* _Data_
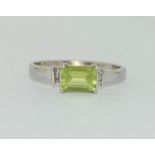 9ct white gold ladies Peridot and diamond shoulders ring size R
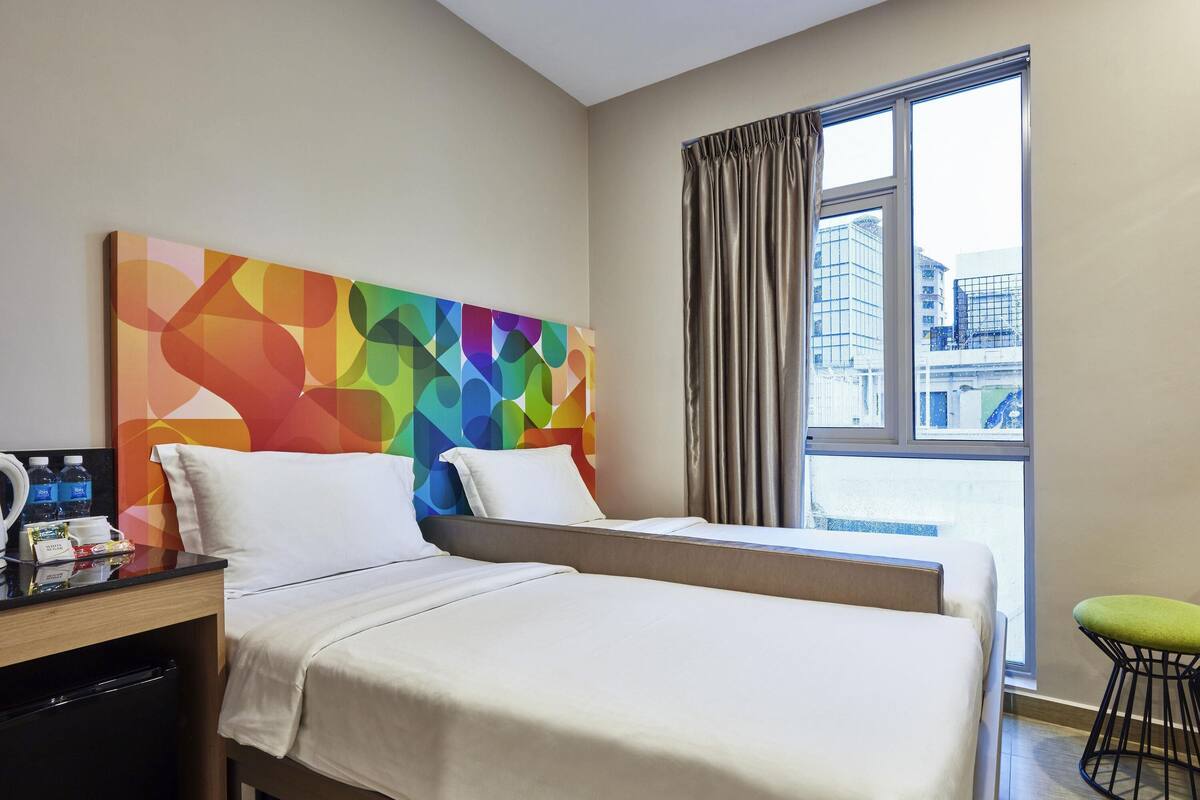A hotel room with a bed, a desk with a coffee maker, and a window with curtains.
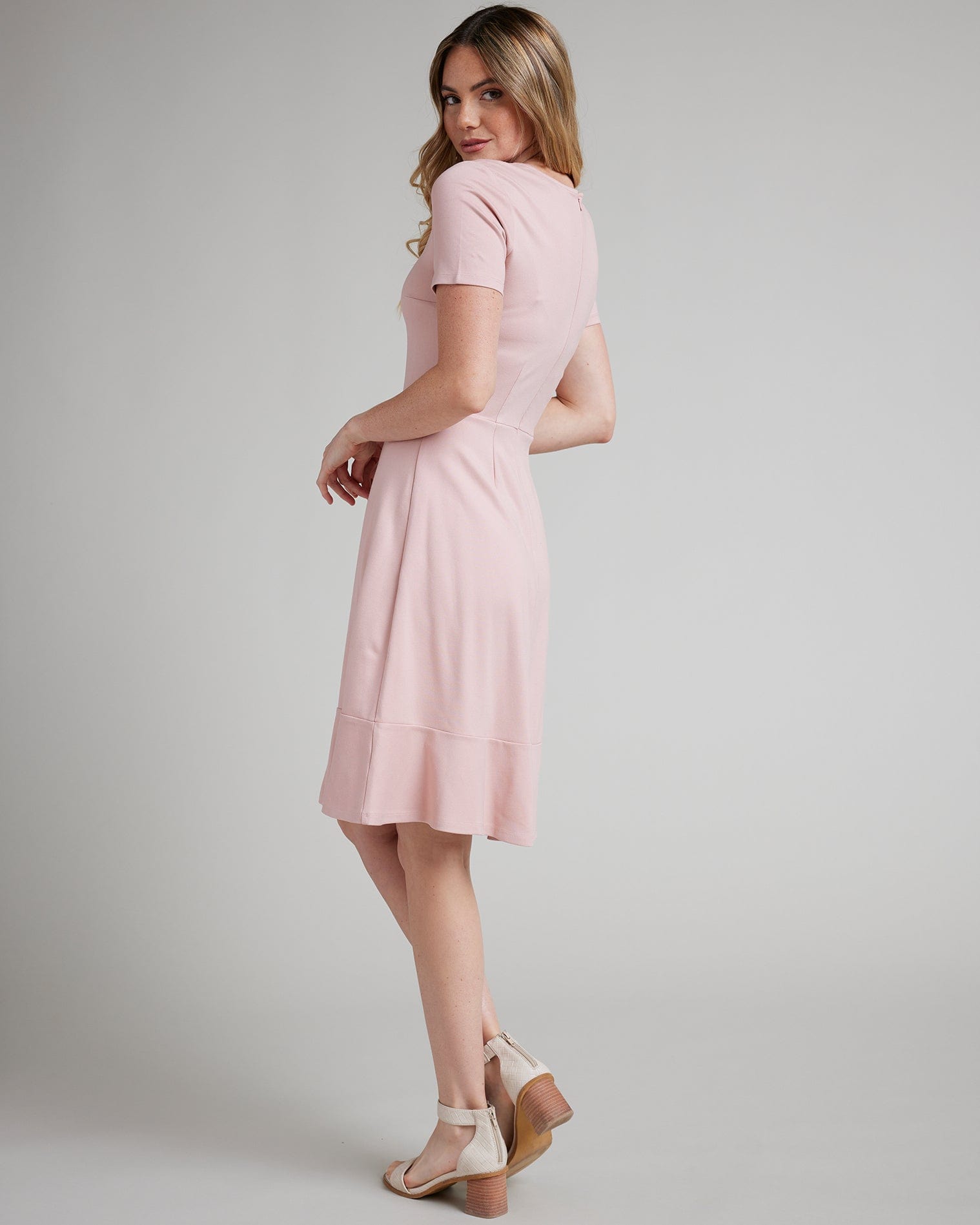 Woman in a short sleeve, knee-length simple pink dress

* _Your instructions_
Everything in the listing except the pictures must come back exactly as written.

* _Result below_
 9ct white gold ladies Peridot and diamond shoulders ring size R
A hotel room with a bed, a desk with a coffee maker, and a window with curtains.
 Woman in a short sleeve, knee-length simple pink dress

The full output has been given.